Dr. John
Locked Down
[
Nonesuch 
2012]

www.nitetripper.com

File Under: funk rock, doctor's voodoo

di Fabio Cerbone (02/04/2012)

Guardatelo assorto in copertina nella maschera da autentico capo tribù del Mardi Gras: non si capisce bene se il "Dottore" abbia voglia di prendersi sul serio o di imbastire una festicciola voodoo come suo solito. Alle prime avvisaglie della title track l'arcano è svelato: scricchiolii, guaiti, rumori sinistri introducono un basso che pulsa, e insieme sono il linguaggio scelto nel 2012 da Dr. John per rivitalizzare la sua carriera, che superate ormai le settanta primavere sfoggia una nuova veste sonora, più profonda e sensuale. Denso e appiccicoso come solamente un maestro del funk di New Orleans poteva immaginare, Locked Down abita i luoghi oscuri della 'Big Easy', recupera un po' del fascino malsano e misterioso di Gris Gris, l'esordio leggendario del 1968, ma lo aggiorna con i riverberi e le palpitazioni blues moderne di Dan Auerbach. Il leader dei Black Keys è il Re Mida della situazione, toccando con mano felice l'impronta di un artista unico nel panorama delle roots americane: favorendo un ritmo al tempo stesso più carnale e febbricitante, trasferendo non poche delle intuizioni funk&soul dei recenti Black Keys dentro il vocabolario da stregone di Dr. John, è riuscito nell'impresa di svecchiare, caricare e aggiornare la lezione di quest'ultimo.

Organo, piano elettrico, farfisa stazionano al centro di questo corposo impasto funk rock: note sixties riecheggiano nel blues molesto e incalzante di Revolution, tre le spirali sinuose di Big Shot e i cori straniti e distanti che lo sommergono.

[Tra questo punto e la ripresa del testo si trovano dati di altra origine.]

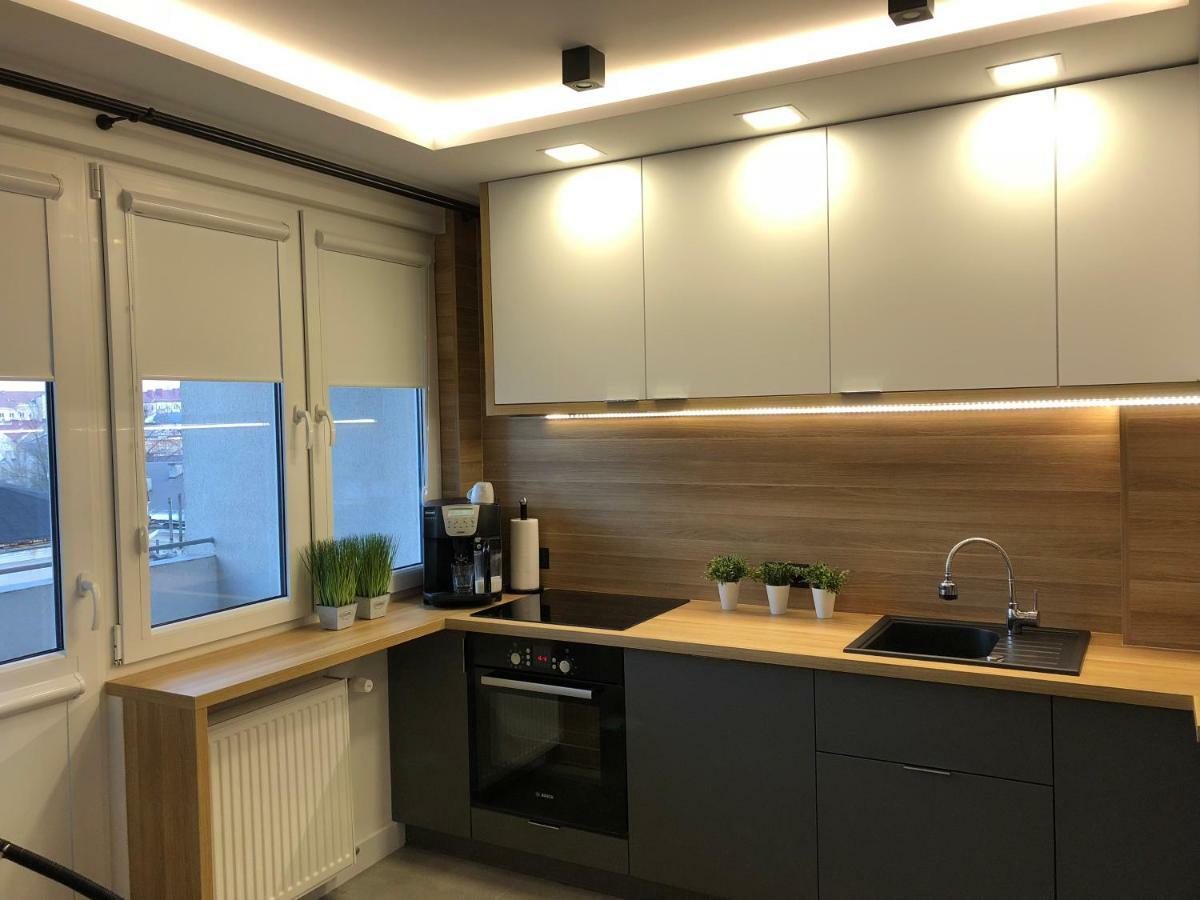 Family & Business Sauna Apartments Rynek Centrum Downtown - 2 Bedroom With Private Sauna, Balcony, Parking Kielce Kültér fotó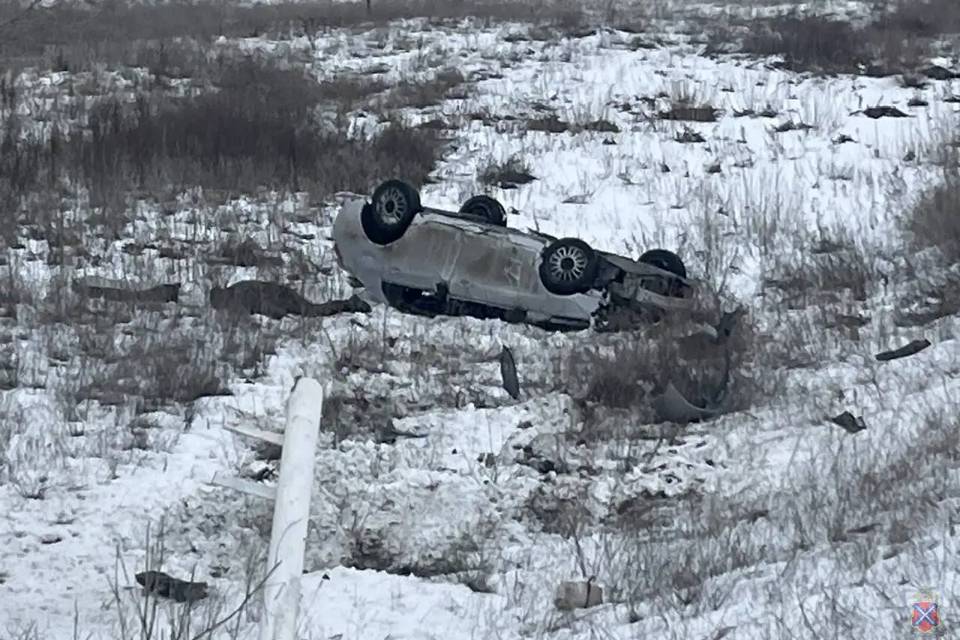 Смертельный кювет: под Волгоградом 37-летний водитель погиб в ДТП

Una vera sorpresa, seppure sia quanto meno ingeneroso considerare Locked Down una sorta di rinascita: chi ha seguito le gesta artistiche dell'ultimo Dr. John sa bene che questo scorcio di carriera non è stato una sorta di venerata pensione, semmai una ripresa di tematiche e ispirazioni molto fertile. In altro modo non potremmo infatti considerare lo splendido omaggio cittadino di N'Awlinz: Dis Dat or d'Udda, così come The City That Care Forgot fino al recente Tribal erano sembrate tappe di un onorevole viaggio artistico. Vero è che questa volta Locked Down abbandona un poco di convenzionalità e di nostalgia che nonostante tutto avvolgeva quei lavori, e tutto ciò senza rinnegare affatto la storia passata. È questo il reale successo di Auerbach e della accolita di musicisti, molti di estrazione garage rock o punk blues (dall'amico Brian Olive a Max Weissenfeldt e Nick Movshon), riuniti negli studi personali Easy Eye Sound di Nashville.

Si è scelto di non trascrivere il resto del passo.